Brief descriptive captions
# # #

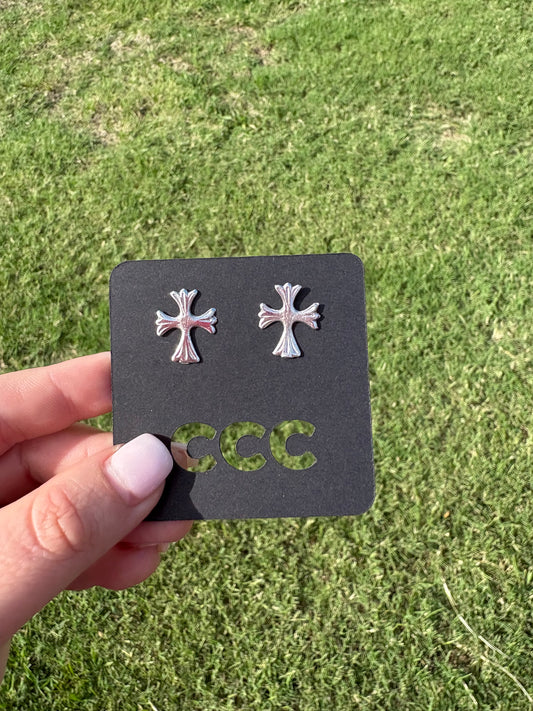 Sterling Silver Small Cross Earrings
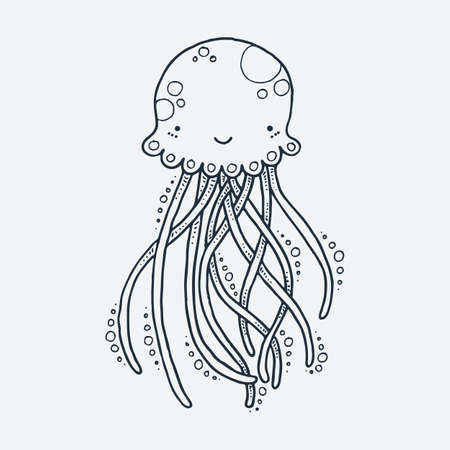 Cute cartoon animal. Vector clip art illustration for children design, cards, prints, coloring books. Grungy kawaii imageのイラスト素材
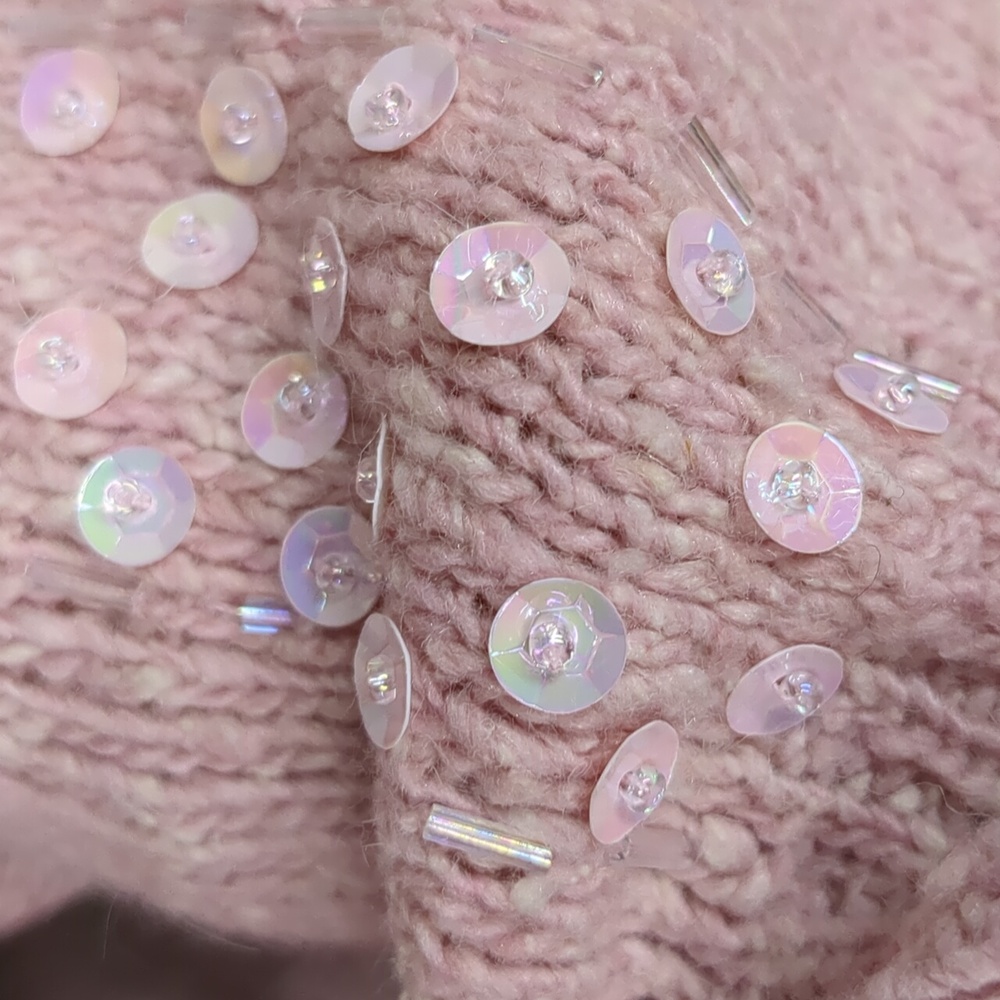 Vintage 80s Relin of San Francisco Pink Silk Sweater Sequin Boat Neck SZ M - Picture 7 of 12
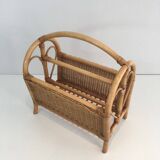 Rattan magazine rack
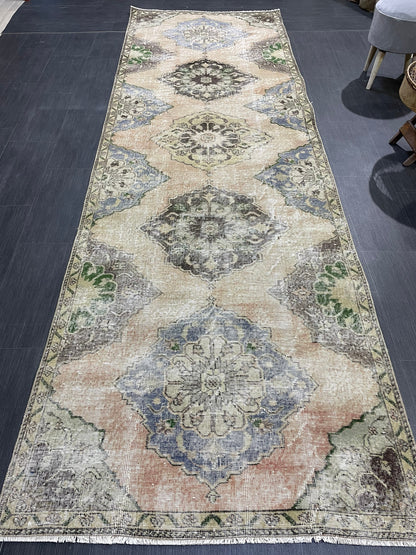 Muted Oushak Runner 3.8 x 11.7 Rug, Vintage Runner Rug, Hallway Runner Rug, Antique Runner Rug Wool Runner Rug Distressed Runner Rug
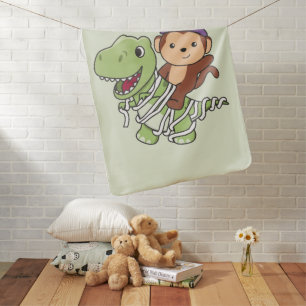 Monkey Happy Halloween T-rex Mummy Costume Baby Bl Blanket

# # #

## WORK INSTRUCTION
Return every entry above exactly as written, with no pictures included.

## SOLUTION FOR THIS EXERCISE
 Sterling Silver Small Cross Earrings
 Cute cartoon animal. Vector clip art illustration for children design, cards, prints, coloring books. Grungy kawaii imageのイラスト素材
 Vintage 80s Relin of San Francisco Pink Silk Sweater Sequin Boat Neck SZ M - Picture 7 of 12
 Rattan magazine rack
 Muted Oushak Runner 3.8 x 11.7 Rug, Vintage Runner Rug, Hallway Runner Rug, Antique Runner Rug Wool Runner Rug Distressed Runner Rug
 Monkey Happy Halloween T-rex Mummy Costume Baby Bl Blanket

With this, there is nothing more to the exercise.